Its online questionnaire, with an August 31 deadline, poses as Question 3:
Where do you support the NTG building a National Aboriginal Art Gallery in Alice Springs?
Option 1: Former Anzac Hill School site and surrounds, incorporating Anzac Oval.
Option 2: I do not support the NTG building a National Aboriginal Art Gallery at the former Anzac Hill School site.
Then it poses as Question 4:
If you support a change of use of Anzac Oval to accommodate the development of a National Aboriginal Art Gallery on the Anzac Hill School site, do you:
Option 1: Fully support the NTG’s plans.
Option 2: Support, on condition of expanding current number of car bays at the site.
Option 3: I do not support the NTG building a National Aboriginal Art Gallery on the Anzac Hill School site.
But hold on, hasn’t Option 3 in Question 4 not already been offered as Option 2 in Question 3?
Oops, yes, it has.
Question 4 gives you the chance of changing your mind about Question 3 “on condition of expanding current number of car bays at the site”.

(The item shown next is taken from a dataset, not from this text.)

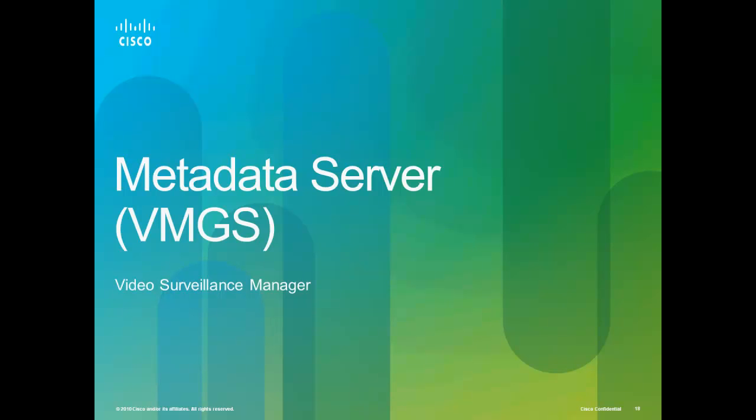Welcome to the session on the Metadata Server or VMGS as it is alternatively called. VMGS stands for Video Metadata Generation Server and is part of the suite of services provided by Cisco's Video Surveillance Manager software.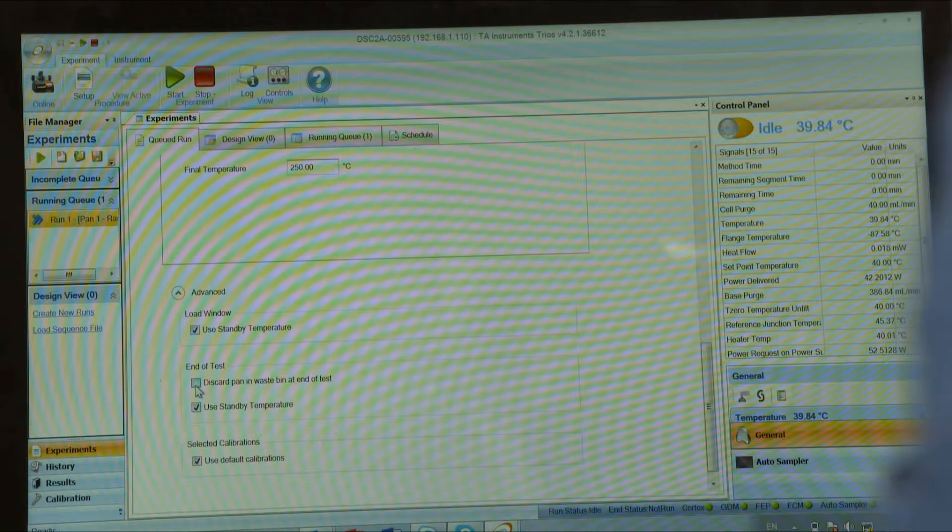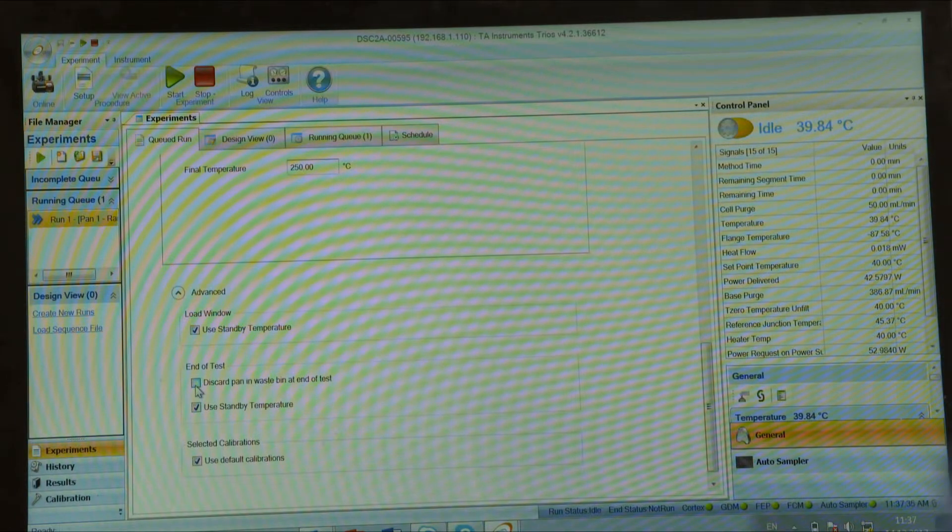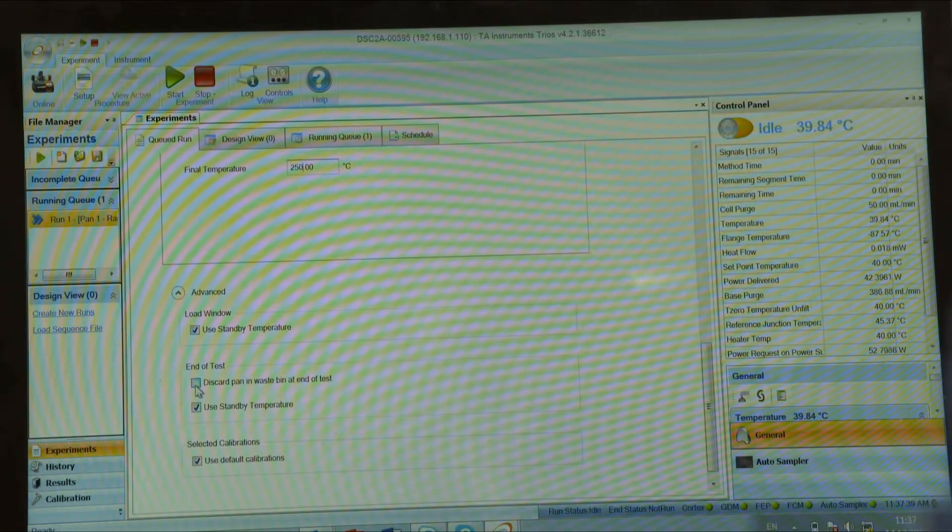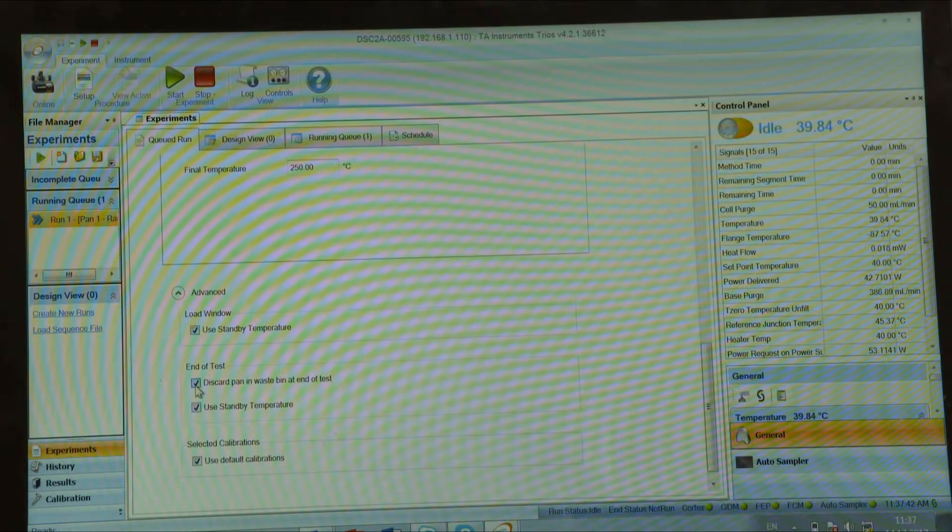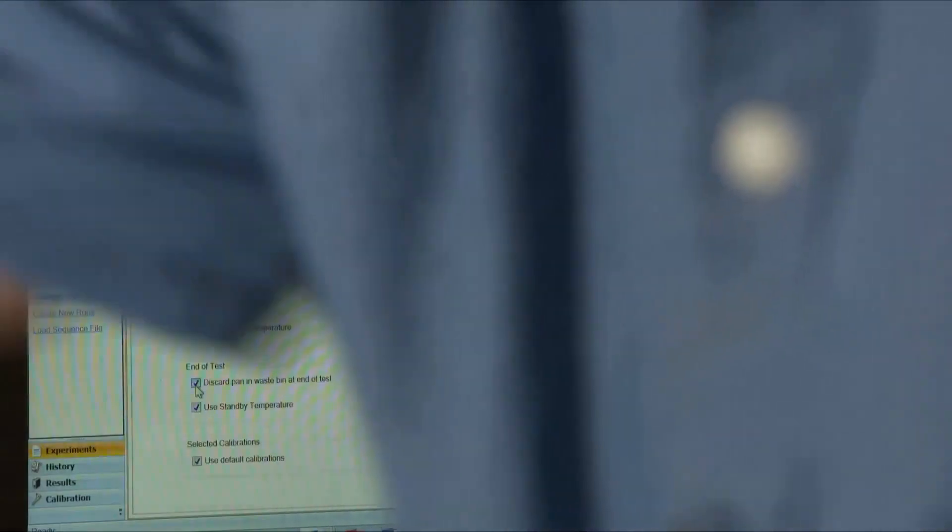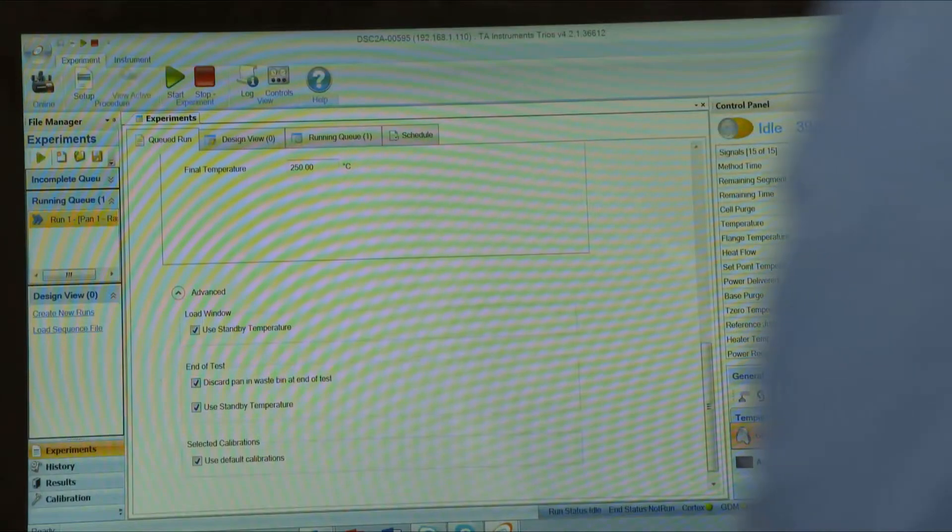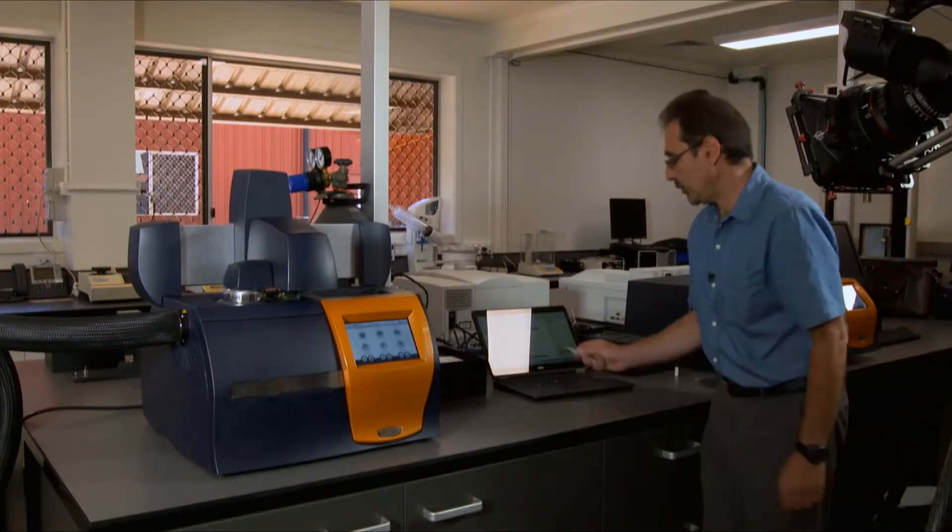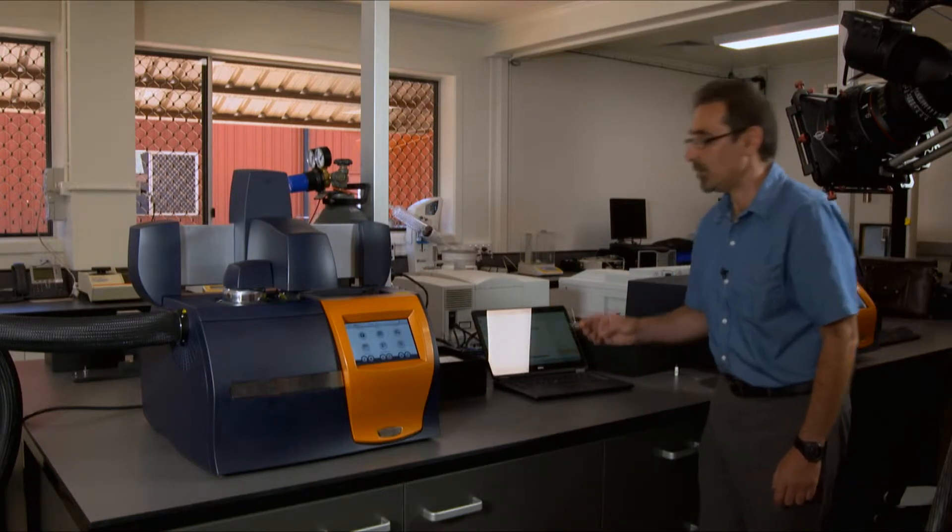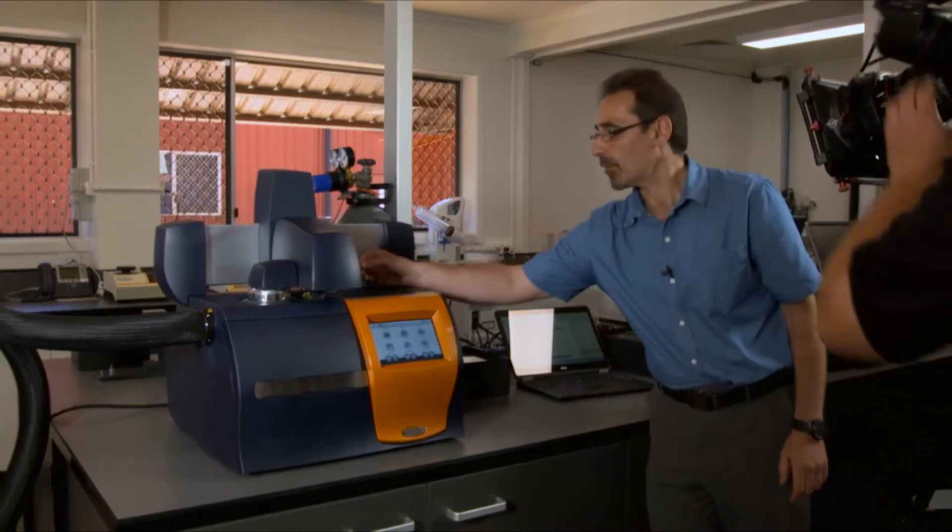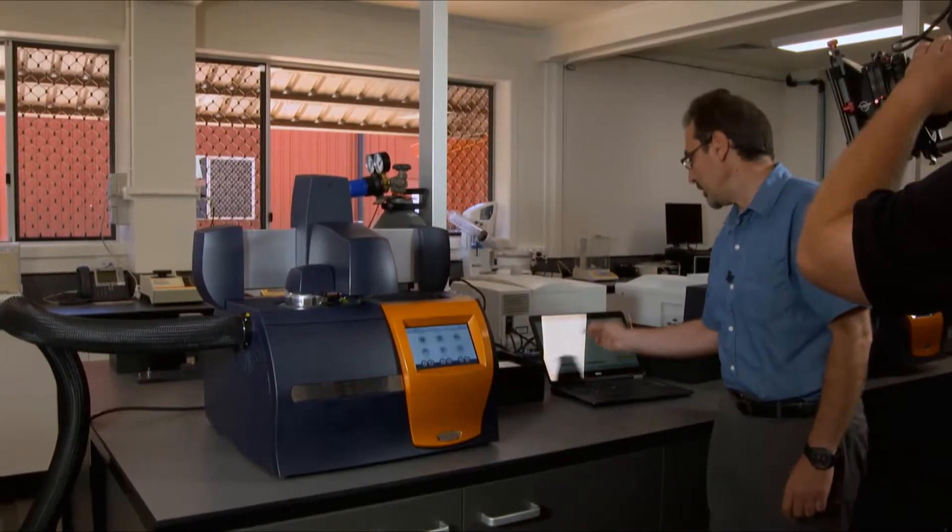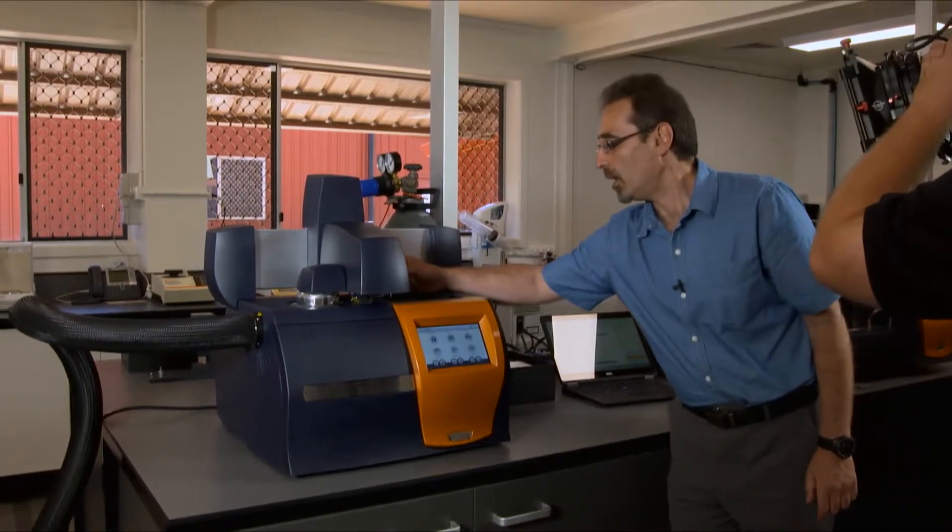You have an ability to discard pan after the ramp if you wish to do so. If you check this box here, it will put your pan into the waste bin on the instrument. Okay, my run is ready to go. I have to make sure that my sample is in position one and my reference is in position four.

Maybe it’s a council stroke of genius: When it’s all said and done, all that iconic stuff, the revitalisation and the turbocharging, the art and the culture and so on, the town’s future, tourists and whatnot, what all this boils down to is car parking.
Maybe the framers of the survey wanted to spare the common folk the agony of contemplating other sites for the gallery, such as Desert Park, Desert Knowledge, the Sterry Block on the southern flank of the ranges, the diverse views on south of The Gap or north of The Gap – all very much part of the discussion around town.

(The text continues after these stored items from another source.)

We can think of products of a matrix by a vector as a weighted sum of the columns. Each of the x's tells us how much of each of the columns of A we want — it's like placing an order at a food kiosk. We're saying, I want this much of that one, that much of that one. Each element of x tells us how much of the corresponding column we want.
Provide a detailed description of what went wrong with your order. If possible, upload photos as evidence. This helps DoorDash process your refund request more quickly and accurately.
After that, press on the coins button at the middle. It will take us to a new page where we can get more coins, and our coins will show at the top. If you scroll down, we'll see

Have the nine councillors elected to represent it no ambition to inform themselves about the views of their constituents on the broad issues of the gallery, and the cultural centre, and then lead the debate and the decision making?
The survey now online does not seem to comply with the council motion carried unanimously on June 25.
Cr Cocking had outlined a number of core principles that should be followed in the survey process.
These have been distilled by the International Association for Public Participation Australasia (IAP2), “based on the belief that those who are affected by a decision have a right to be involved in the decision-making process.”
IAP2 also provides that the public’s contribution will influence the decision; that sustainable decisions recognise and communicate the needs and interests of all participants, including decision makers; the involvement of those potentially affected by or interested in a decision is sought and facilitated; the input of participants is sought in designing how they participate; participants are provided with the information they need to participate in a meaningful way and the process communicates to participants how their input affected the decision.
The motion specifically required this principles to be followed.
However, what you can tick a box on in the council survey is ludicrously limited. Its format suggest that, like the Chief Minister, the council has arrived at a preferred position: Everything’s OK so long as we have lots of car parks.
PHOTO: Approximate position of the Anzac precinct site as seen from the top of Spencer Hill.